Bu öykü Bill Joy ve Bill Gates’inkine ne kadar benziyor değil mi? Onlar da hiçbir fayda 
ummadan tüm zamanlarını bilgisayar başında geçirmişler, PC devrimi başladığında da 
arkalarındaki 10.000 saatle yarışa çok önce başlamışlardı. Flom da Skadden ve Arps da 20 yıl 
boyunca dirsek çürütüp uzmanlaşmış, dünya değişiverince de yeni dünyaya hazır olmuştu. 
Joe olumsuzluğu yenmemişti; olumsuzluk fırsata dönüşmüştü. 

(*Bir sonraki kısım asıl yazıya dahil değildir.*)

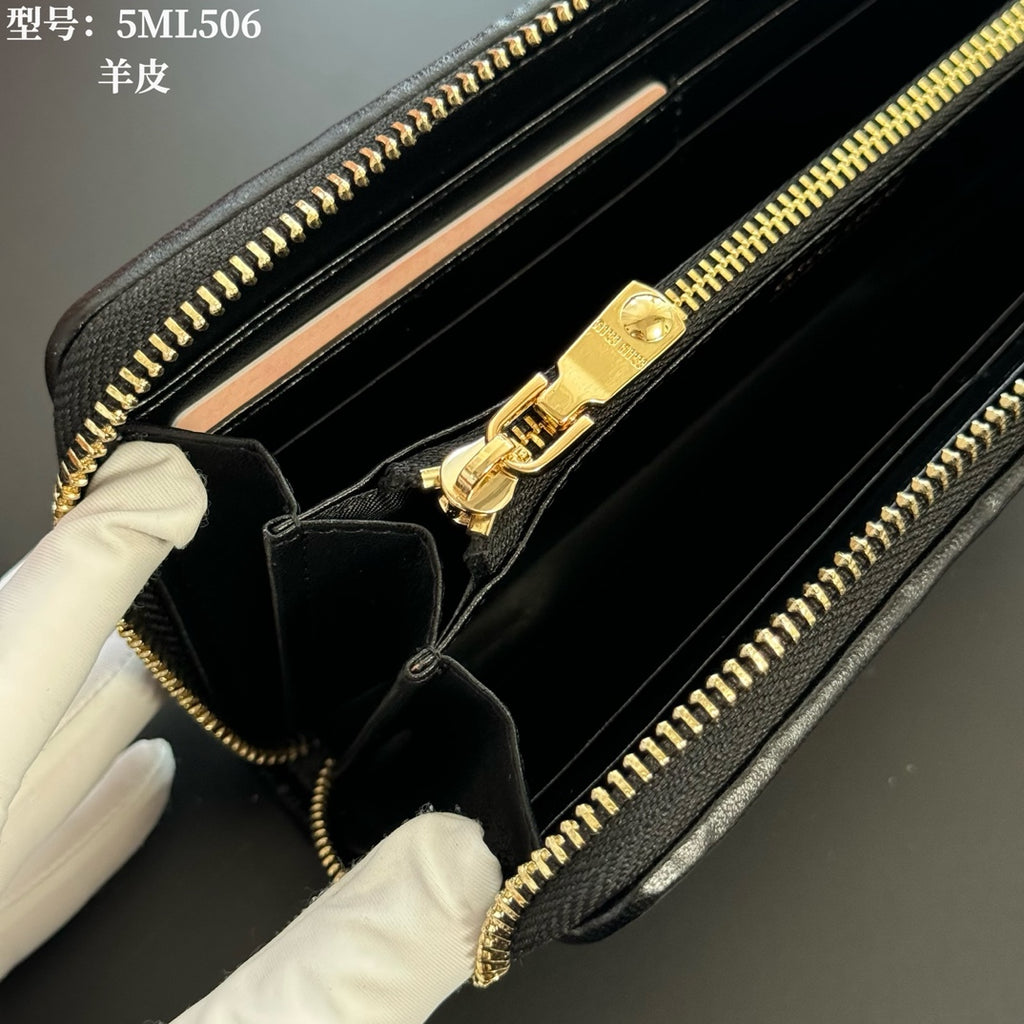 146PA123B Popular leather wallets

Başarı faktörleri arasında kişinin doğum tarihinin  de büyük önem taşıdığını daha önce 
söylemiştik. Dev iş adamlarının (Rockefeller Vanderbilt) 1830 – 1840 arasında, yazılım 
dahilerinin 1954-1958 arasında doğduğu gibi, Newyorklu Yahudi avukatlar için de en büyük 
şans 1930’larda doğmuş olmaktı. 1930’ların büyük buhranında doğum oranları adamakıllı 
düşmüştü. O yüzden bu kuşağın çocukları az öğrencili okullarda iyi eğitim alıyorlar, 
üniversiteyi bitirince de fazla rakip olmadığından kolayca iş buluyorlardı. 
New Yorklu başarılı avukatların başka bir ortak noktası da aileleridir. 

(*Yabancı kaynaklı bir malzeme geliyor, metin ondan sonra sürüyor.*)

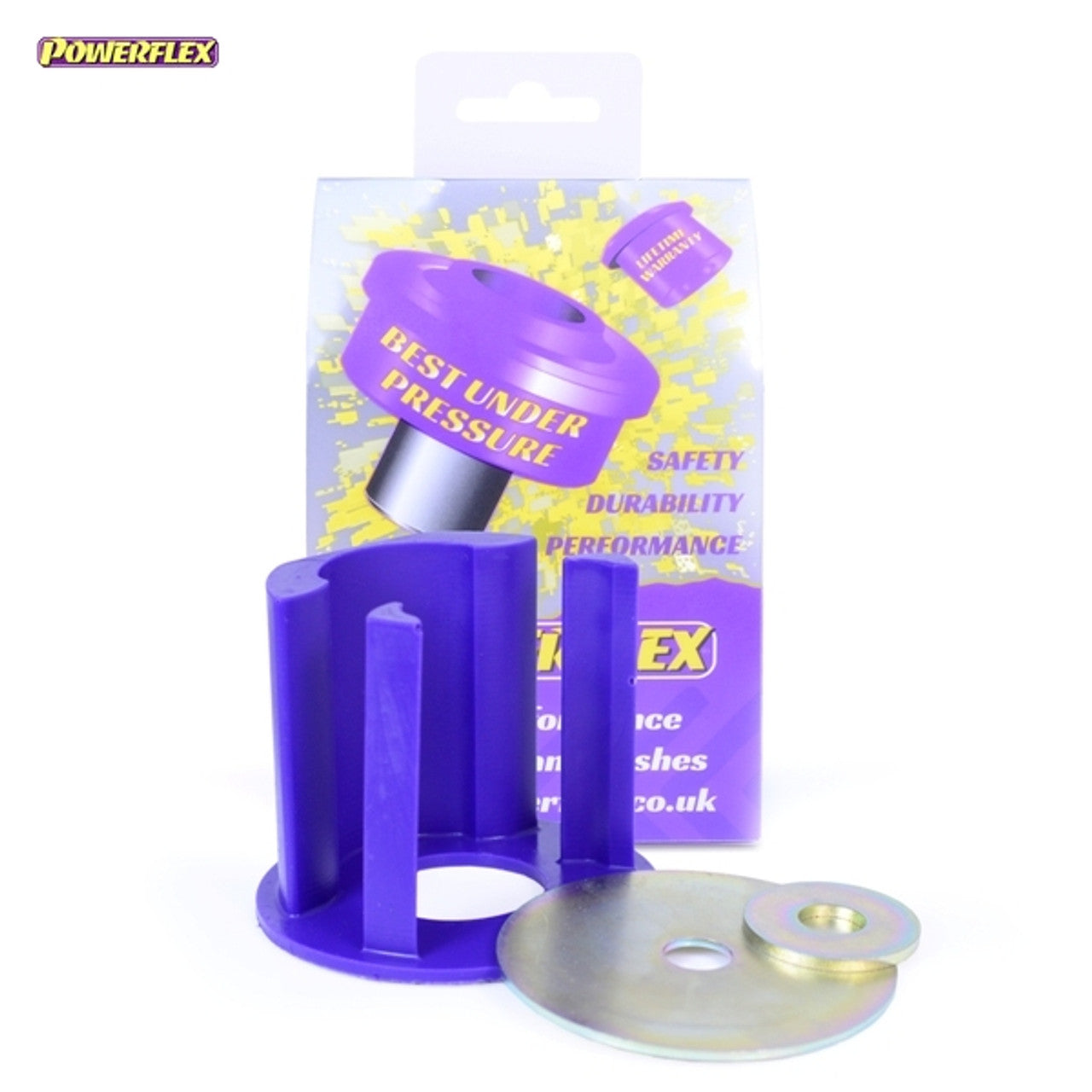 Powerflex Lower ignite performance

19. yy’ın sonlarıyla 20. Yy’ın başlarında Amerika’ya göç eden Yahudi göçmenler diğer 
ülkelerden gelen göçmenlere benzemiyordu. İrlandalı ve İtalyanlar Avrupa’nın yoksul 
taşrasında icarla çiftçilik yapan köylülerdi. Yahudiler ise, yüzyıllardır Avrupa’da toprak sahibi 
olmalarına izin verilmediğinden, şehirlere ve kasabalara toplanmışlar, esnaflık ve zanaat 
öğrenmişlerdi. Bakkallık, kuyumculuk, mücellitlik, saatçilik gibi mesleklere sahiptiler ancak en 
fazla terzilik, şapkacılık ve kürkçülük gibi giyim  işi ile uğraşıyorlardı. Mesleklerini yeni 
dünyada da sürdürdüler. Öyle ki, 1900’lere gelindiğinde New York’ta giyim sektörü 
tamamıyla Yahudi göçmenlerin eline geçmişti. Giyim sektörü ise New York ekonomisinin en 
büyük ve en fazla gelir getiren sektörüydü. Oysa İtalyan ve İrlandalılarda aynı beceriler 
olmadığından amele, hizmetçi veya inşaat işçisi olarak iş bulabiliyorlardı. Yahudiler kendi 
kendilerinin patronuydu. Kararlarının ve tuttukları yolun sorumluluğu kendilerine aitti. 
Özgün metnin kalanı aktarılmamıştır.